• Task directions
Could you print the full listing below, keeping each line identical?

• Dataset section
━━━━━━━━

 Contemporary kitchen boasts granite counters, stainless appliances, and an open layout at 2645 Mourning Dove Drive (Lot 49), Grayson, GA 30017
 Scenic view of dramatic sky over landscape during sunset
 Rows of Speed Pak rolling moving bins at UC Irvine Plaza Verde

━━━━━━━━

• Exercise answer
 Contemporary kitchen boasts granite counters, stainless appliances, and an open layout at 2645 Mourning Dove Drive (Lot 49), Grayson, GA 30017
 Scenic view of dramatic sky over landscape during sunset
 Rows of Speed Pak rolling moving bins at UC Irvine Plaza Verde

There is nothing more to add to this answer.